En Somalie, MSF a déjà dû diminuer ses activités en raison des risques liés à la sécurité. En octobre 2011, deux travailleuses humanitaires, Montserrat Serra et Blanca Thiebaut, ont été enlevées dans le camp de réfugiés de Dadaab et emmenées en Somalie où MSF croit qu’elles sont toujours détenues. Suite de cet enlèvement et ce, jusqu’à la libération en toute sécurité de ses deux travailleuses humanitaires, MSF limite ses opérations en Somalie aux activités se rapportant uniquement aux urgences médicales.

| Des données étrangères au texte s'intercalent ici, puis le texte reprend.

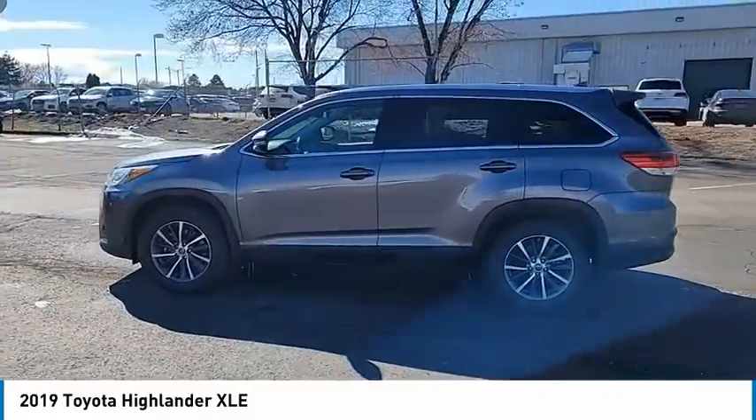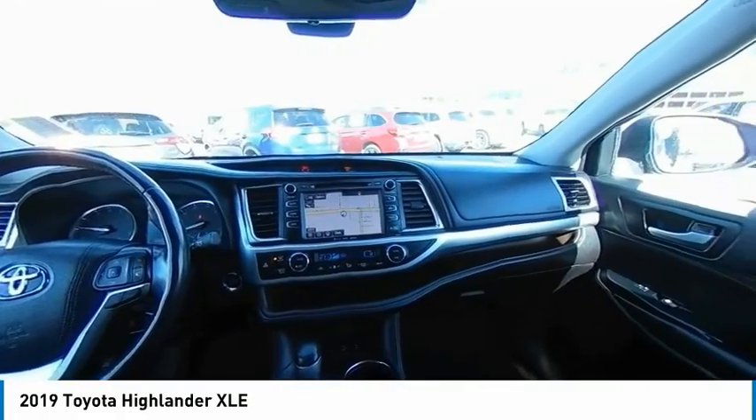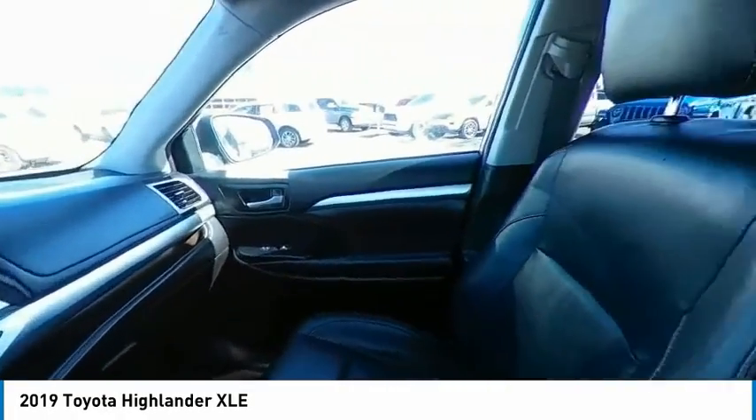A 2010 top safety pick, the Highlander is where substance meets style. This vehicle has less than 35,000 miles.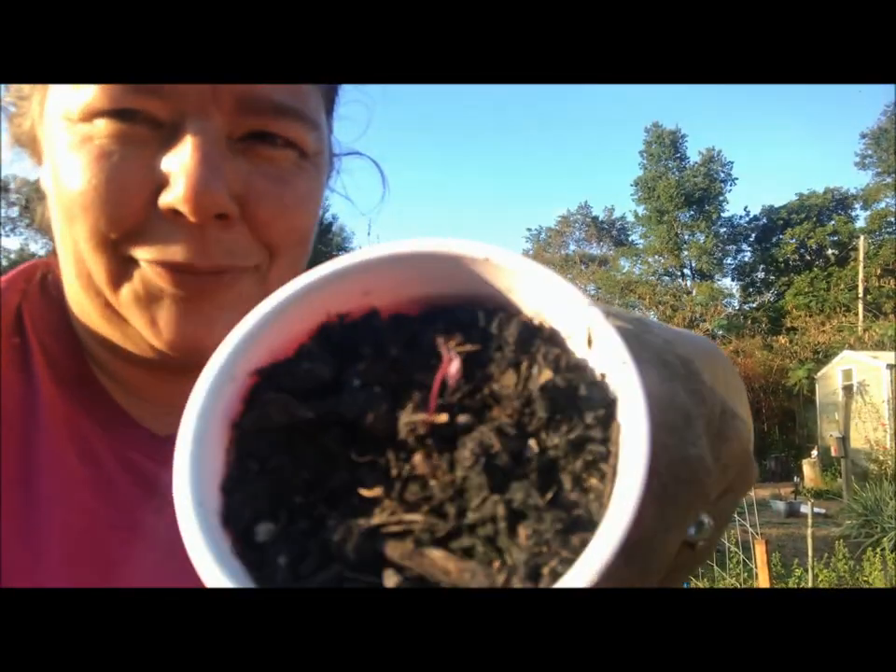I was able to get in all the cabbage, all the red cabbage, and two broccolis. Further down I already got into an ant nest — not looking to do that again. I'm going to go ahead and water all these in and get them settled, and then tomorrow I'll come back and put mulch around them.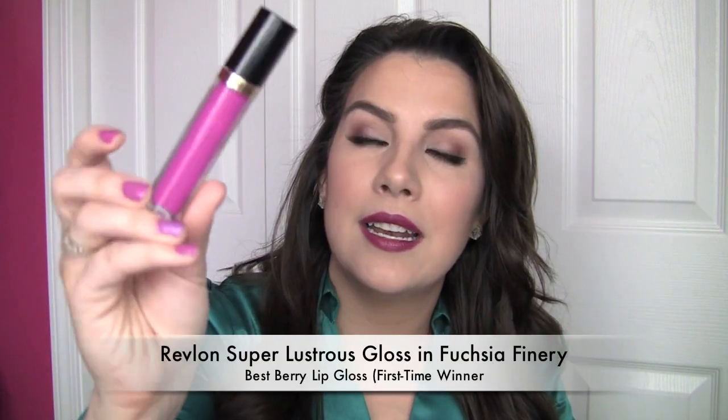And for favorite berry lip gloss, I went the slightly purple route — a little bit of Radiant Orchid. That is the Pantone color of the year, and I've gotten a lot of compliments on this gloss. I really like the way it feels and I love the color. It's the Revlon Super Lustrous Lip Gloss in Fuchsia Finery. It's also a little bit gel-like on the lips, but still gives off a nice amount of color. If you want to try that pretty orchid lip trend, this is a good way to do it.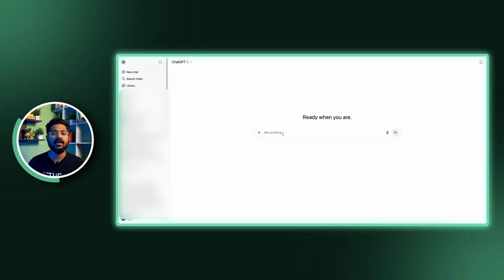Before I show you how Nano Banana helps small business owners, we need to have a product first. For the purpose of this video, let's create an example product. I'll go into ChatGPT and generate an image for it.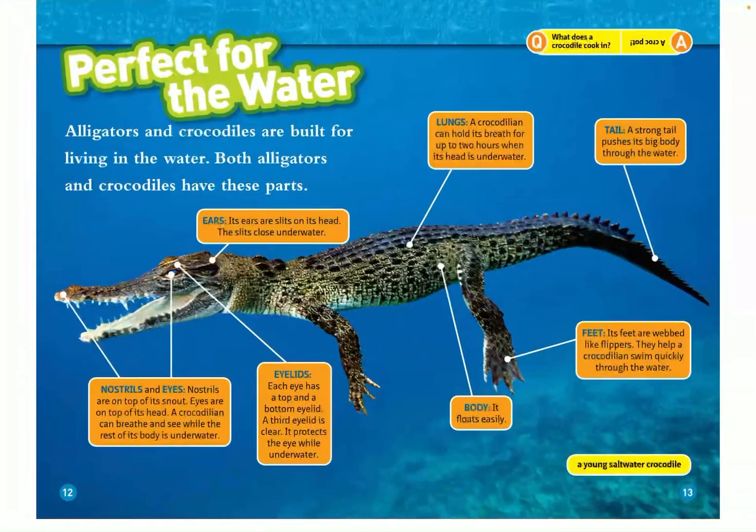Perfect for the water! Alligators and crocodiles are built for living in the water. Both alligators and crocodiles have ears, eyelids, lungs, tails, feet, bodies, nostrils, and eyes. The ears are slits on its head, and they close underwater. The lungs hold its breath for up to two hours when it's underwater. A strong tail pushes its big body through the water, and its feet are webbed like flippers — they help crocodilians swim through quick water.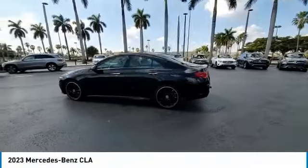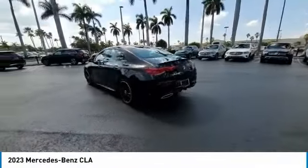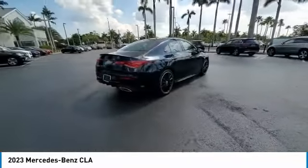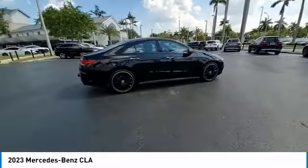Stop by and take a look at the 2023 CLA. The CLA comes with impressive handling, excellence, and luxury interiors.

MSF travaille de manière continue en Somalie depuis 1991. Elle offre des soins médicaux vitaux à des centaines de milliers de Somaliens dans 10 régions du pays ainsi que dans les pays voisins comme le Kenya et l’Éthiopie. Plus de 1 400 employés, soutenus par une centaine de personnes à Nairobi, offrent toute une gamme de services gratuits, comme des soins de santé primaire, des traitements contre la malnutrition, des chirurgies, des interventions en cas d’épidémies de choléra ou de rougeole par exemple, et des campagnes de vaccination, sans parler de ses distributions d’eau et d’articles de première nécessité. Au cours de la première moitié de 2012, MSF a traité près de 30 000 enfants sévèrement malnutris et en a vacciné 75 000 autres contre des maladies infectieuses. Les équipes MSF ont aussi réalisé plus de 7 300 accouchements et ont tenu près de 500 000 consultations médicales dans ses structures médicales.